When I was growing up, my mother enjoyed including a bit of education in our family vacations. She read to us from many sources about our intended destination, preparing us to be observant and appreciative. As a young girl, I read aloud – at her prompting – from guidebooks, tourist bureau brochures, and travel magazines. These days, my mother still e-mails me travel information from many websites, though reading aloud is now optional. Mom’s creative approach to vacation planning sought out off-the-beaten-path sights where we had a better chance of learning something. This early preparation also required us to think through the items we needed to pack to make our agenda attainable, from extra layers of clothing to special equipment.

She purposefully overloaded every day’s schedule, grouping our options for geographic areas of the destination. With three kids, she knew to expect the unexpected and that you can’t always plan for it, so instead she planned to accommodate the necessary flexibility. Sometimes the need for flexibility arose from external sources, so we always packed a map that we had studied in advance and could reference quickly on site. Likewise, we had already reviewed our transportation options so that we were familiar with the available means and routes to allow for quick on-the-spot adjustments. She raised me to embrace these interruptions, saying “sometimes the times you get lost are when you make the best discoveries.”
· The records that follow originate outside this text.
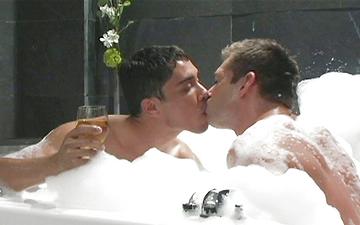 Télécharger Muscle jocks Bruce Beckham and Eduardo in hot flip flop fuck scene in tub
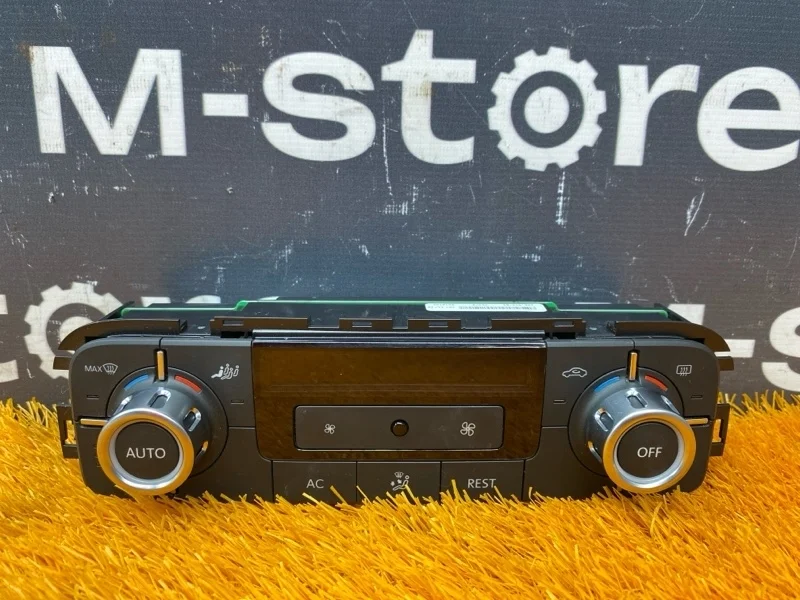 Блок управления климат-контролем Volkswagen Touareg 2010 7P6907040AG 7P CGRA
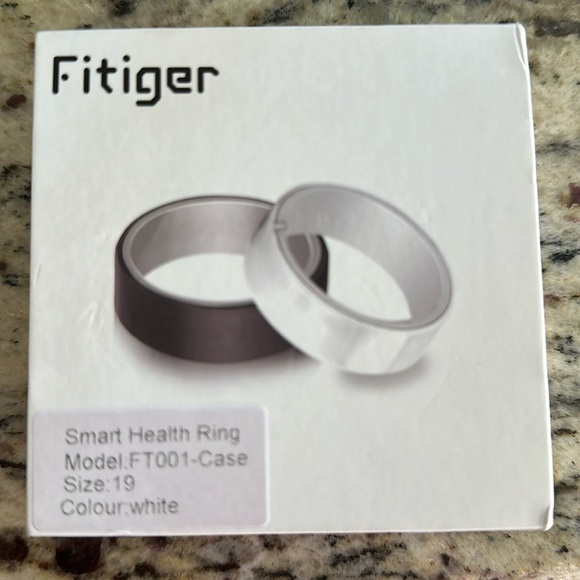 Brand new Fitiger health fitness tracker ring - Picture 1 of 4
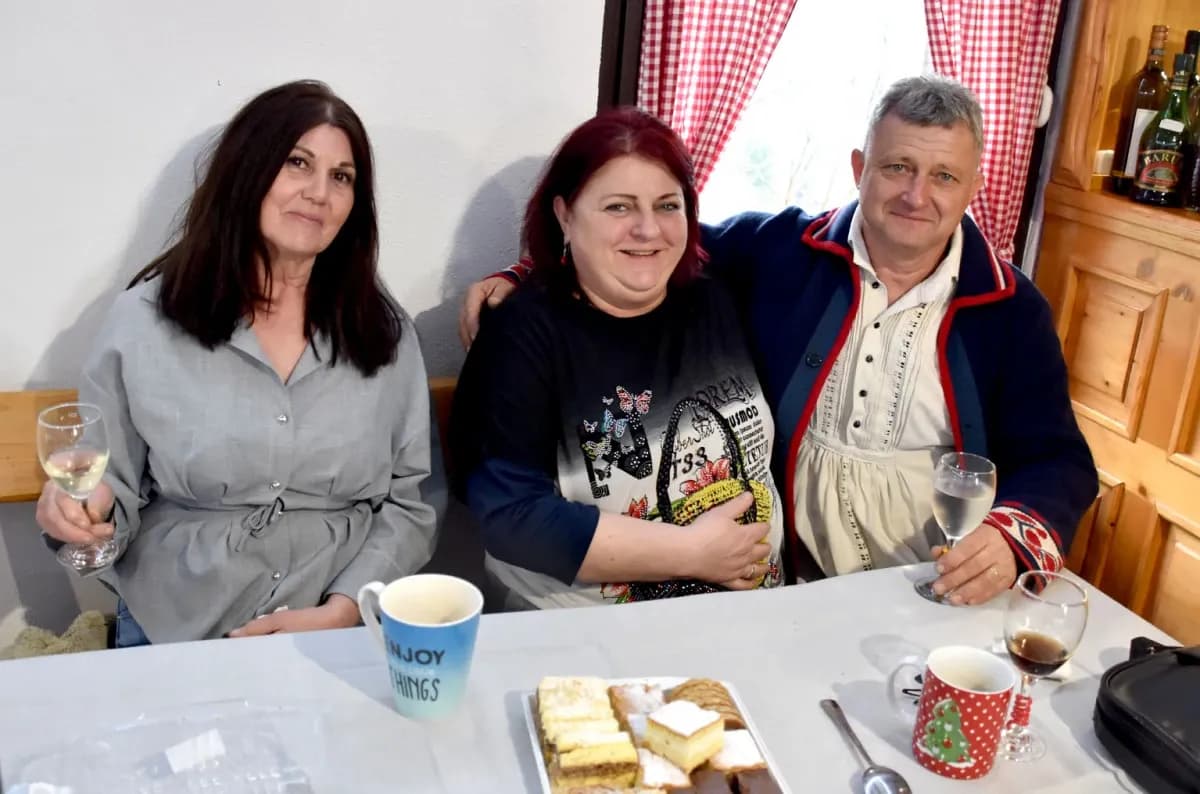 Srce puno, a klijet još punija: Tradicionalna proslava kod Božice i Roberta Hodaka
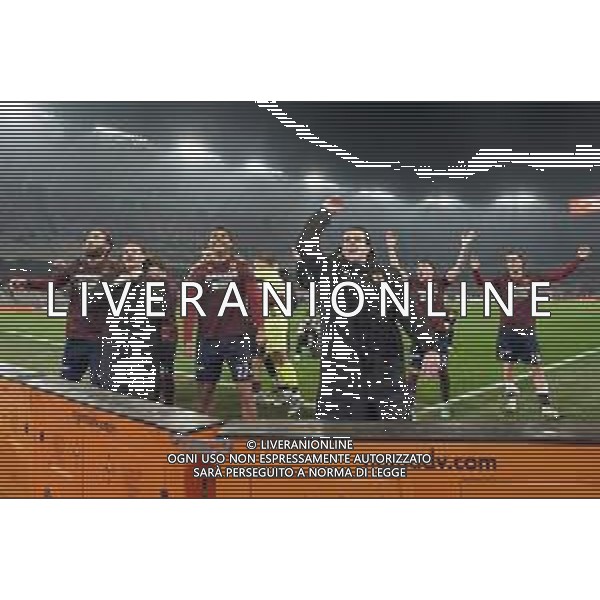 Players of AC Reggiana 1919 celebrates the victory during the Italian Serie B match SSC Bari vs AC Reggiana 1919 on January 27, 2024 at the San Nicola stadium in Bari, Italy. Photo by Emmanuele Mastrodonato/ag. Aldo Liverani sas/AGENZIA ALDO LIVERANI SAS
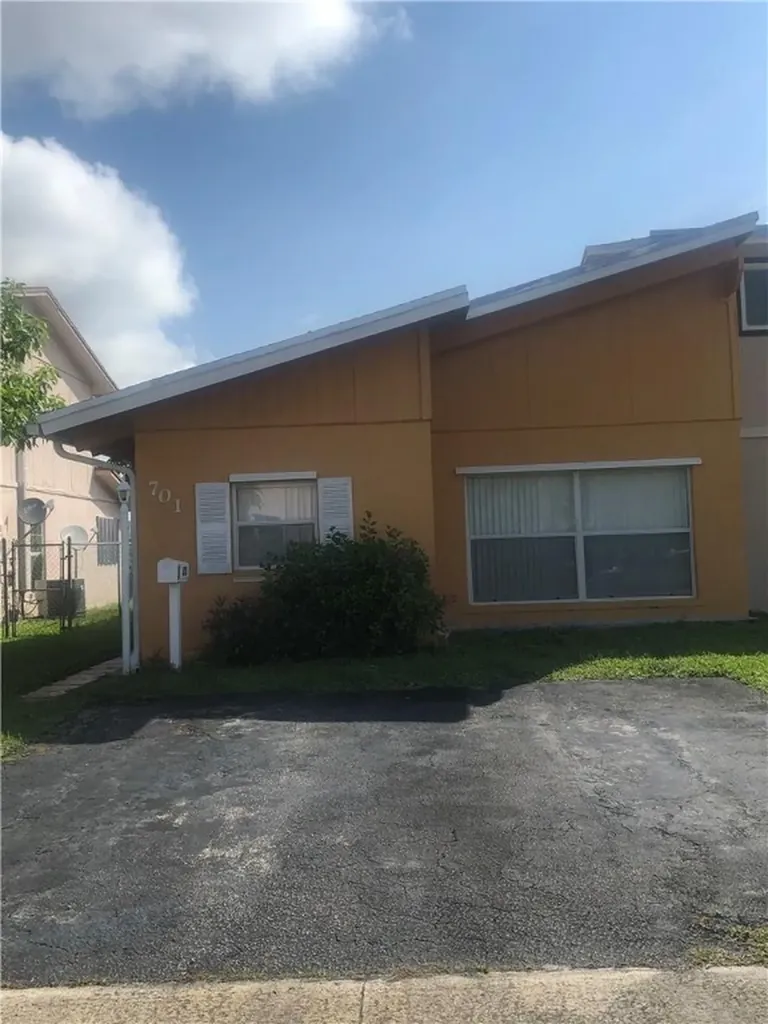 701 SW 79th Terrace North Lauderdale FL 33068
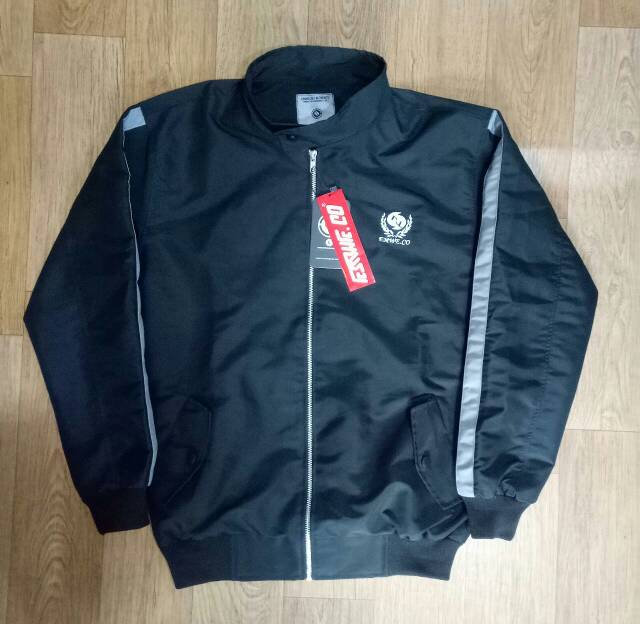 Jaket Varsity EMWE.CO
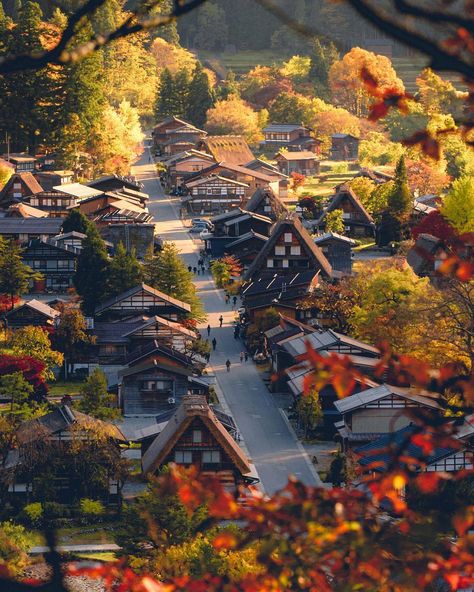 Can you believe that this is in Japan? . 📍Shirakawa-go, Gifu . . 📸 Photo of the tokyo.ig via IG . . . #daily_photo_japan #livinginjapan #japan #japantravel #japanwanderlust #japanfun #japantravelguide #japantravelphoto #japantrip #japantraveller #travel #traveller #sightseeing #sightseeingjapan #beautifuljapan #beautiful #beauty #kyoto #kyotojapan #kyototrip #osaka #osakajapan #japanlife #lifeinjapan Shirakawa Go, Japan Travel Guide, Japan Aesthetic, Toyama, Gifu, Osaka Japan, Kyoto Japan, Japan Travel, Osaka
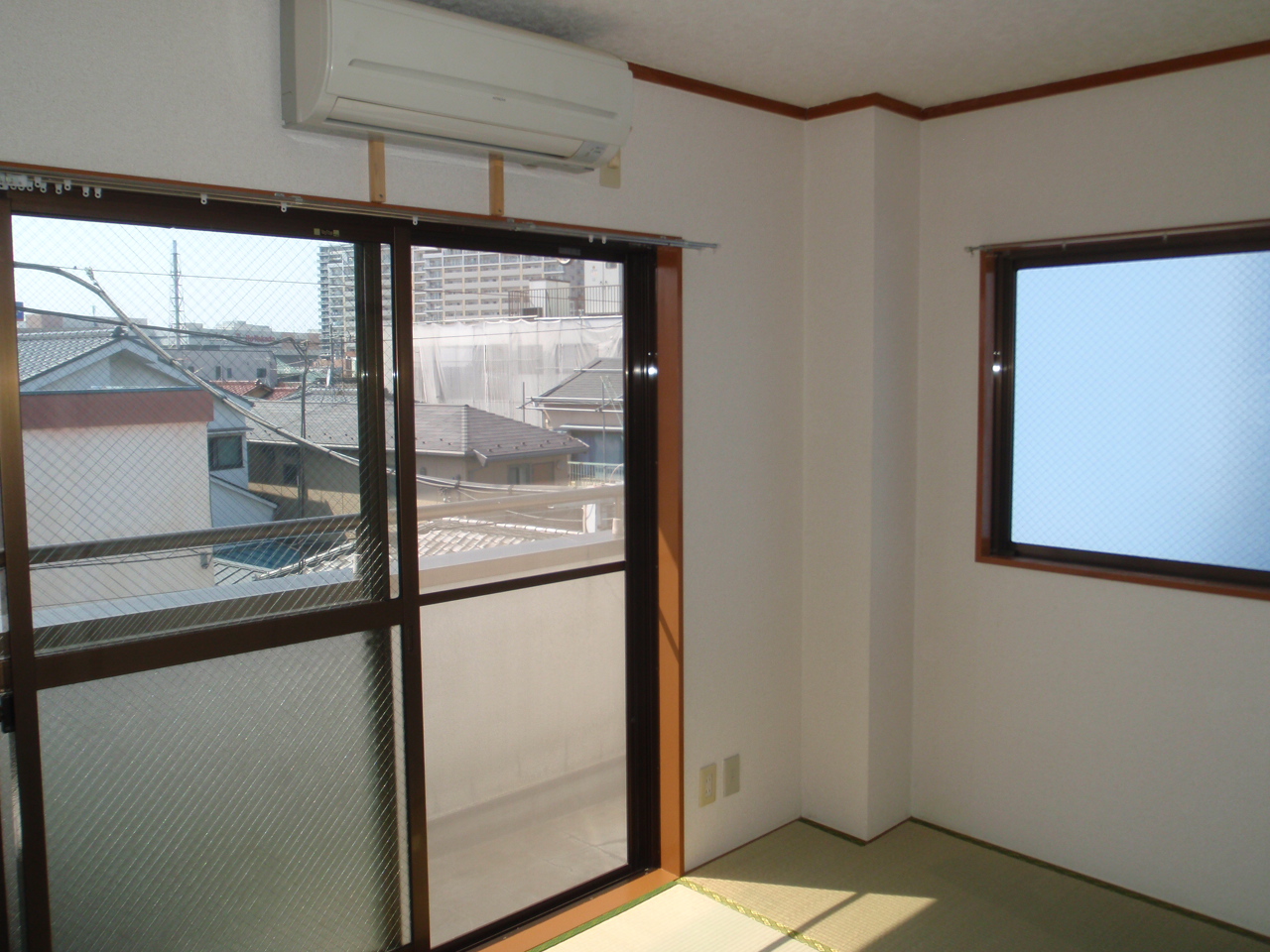 Living and room. Japanese-style room 6 quires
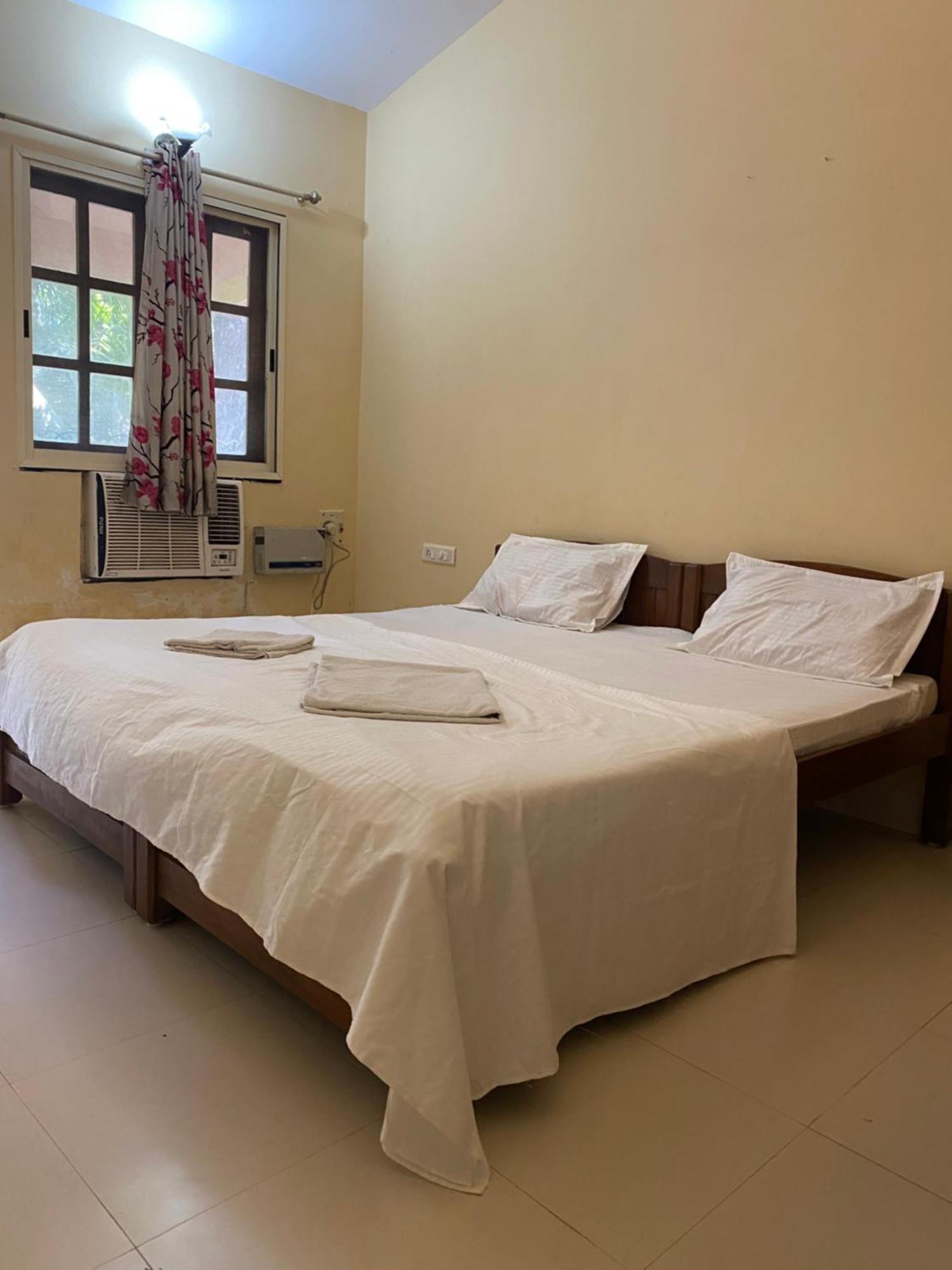 Holidays Goa Inn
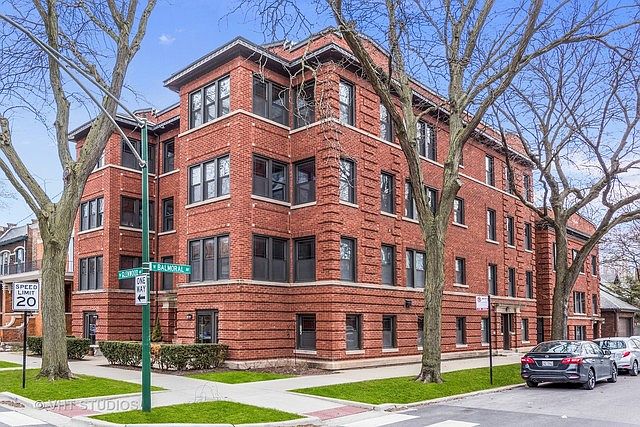 1st image of 1354 W Balmoral Ave #2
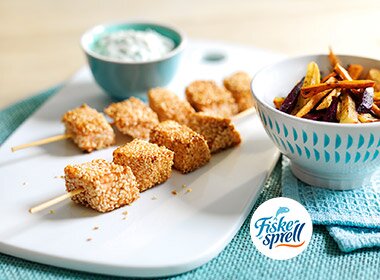 Grillspyd med laks, rotgrønnsaker og tzatziki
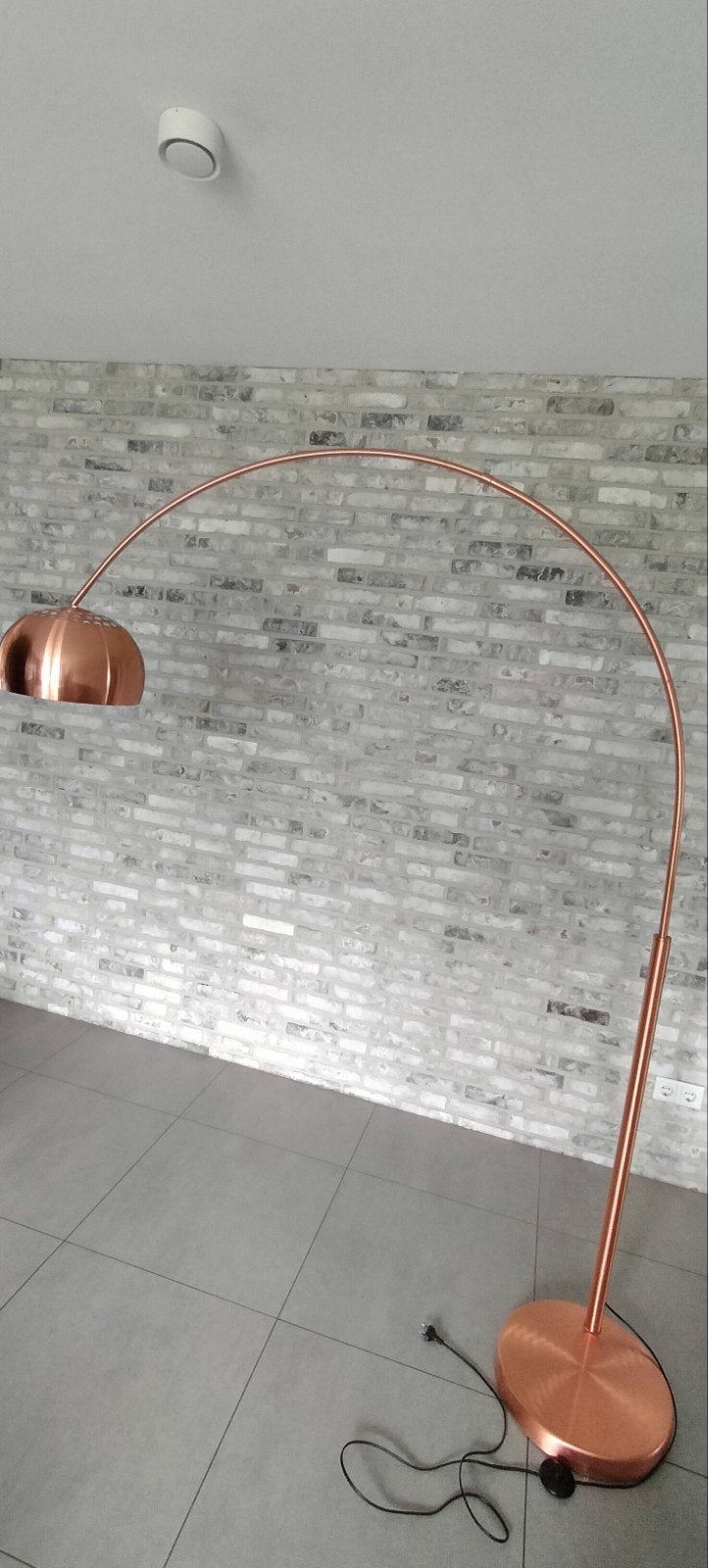Zuiver Metal Bow Vloerlamp – Koper, Ophalen, Gebruikt, Modern, Industrieel, Metaal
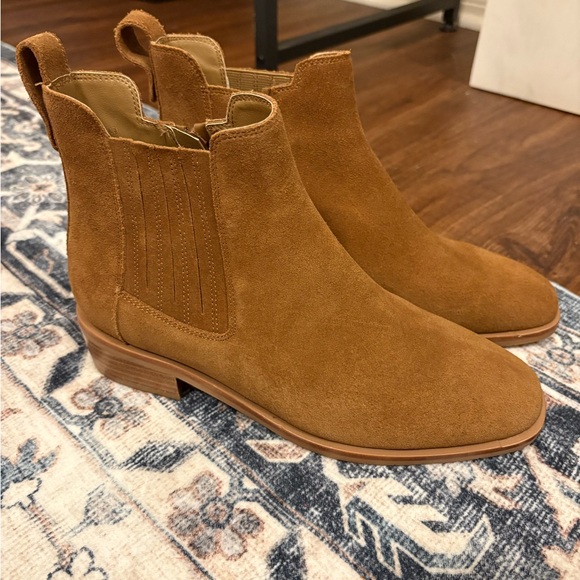 Vaneli womens Chelsea boot size 8.5 ankle boots brown new - Picture 1 of 10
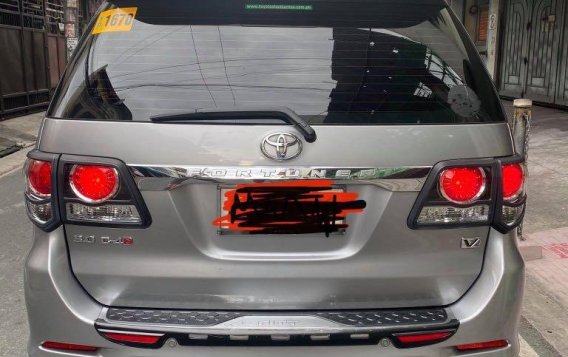 Grey Toyota Fortuner 2015 for sale in Greenhills-1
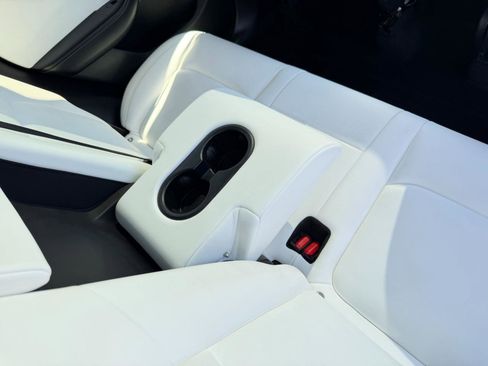 Used 2021 Tesla Model Y Long Range image 38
We joined docent-led architectural walks in Chicago, climbed the Mayan ruins in Costa Maya (Mexico), attended off-Broadway plays in New York City, attempted our limited French at the Quebec World Music Festival, and learned to play the washboard with spoons in New Orleans, though Washington DC was the mother-load of educational sight-seeing. All along the way, mom encouraged us to ask questions and to explore as we toured, capturing what we experienced and what we drew out of that in our daily journaling.

“The keyword for our vacation wasn’t relaxation, it was adventure.” — my mom

With this personal history, I found the idea of a testing vacation very natural when I participated in Weekend Testing Americas two weeks ago. In my daily work, I am familiar with exploratory testing as a chartered but loosely structured activity. I start with a time box and a list of test ideas to guide my testing in the direction of acceptance criteria for a story, but I never script steps of a test case. However, WTA presented us with this mission, should we choose to accept it:

We want to explore this application and find as many short abbreviated charters as possible.
You have 30 minutes to come up with as many “testing vacations” as you can consider. The goal is that no single vacation should take more than five minutes. Shorter is better.

I paired with Linda Rehme and we tested Google Translate in these ways:

  • testing in Firefox 8 and Chrome
  • prompt to use new feature of reordering text in the result
  • selecting alternate translations of phrases in the result
  • manually editing translations of phrases (or alternate translates) of the result
  • moving result text with capitalization
  • moving result text with punctuation
  • couldn’t reorder words within a phrase of the result text
  • re-translate to revert to the original result text
  • Listen to both source and result text
  • manually editing text of the result to include words in another language and then Listen
  • Listen didn’t work for both of us
  • icons for Listen and Virtual Keyboard displayed in Firefox 8 but not Chrome
  • different drag hardware controls (laptop touchpad, laptop nub)
  • virtual keyboard for German (Deutsch)
  • moving virtual keyboard around in the browser
  • switching virtual keyboard between Deutsch and
  • misspelling words
  • prompted to use suggested spelling
  • prompted to select detected source language
  • Turn on/off instant translation
  • translating a single word with instant turned off displaying a list of results

When time was up, our moderators prompted us, “First, describe your “vacation”. Then describe what you saw while you were on vacation. And finally, what you wished you had done while you were on vacation (because really, there’s never enough time to do everything).”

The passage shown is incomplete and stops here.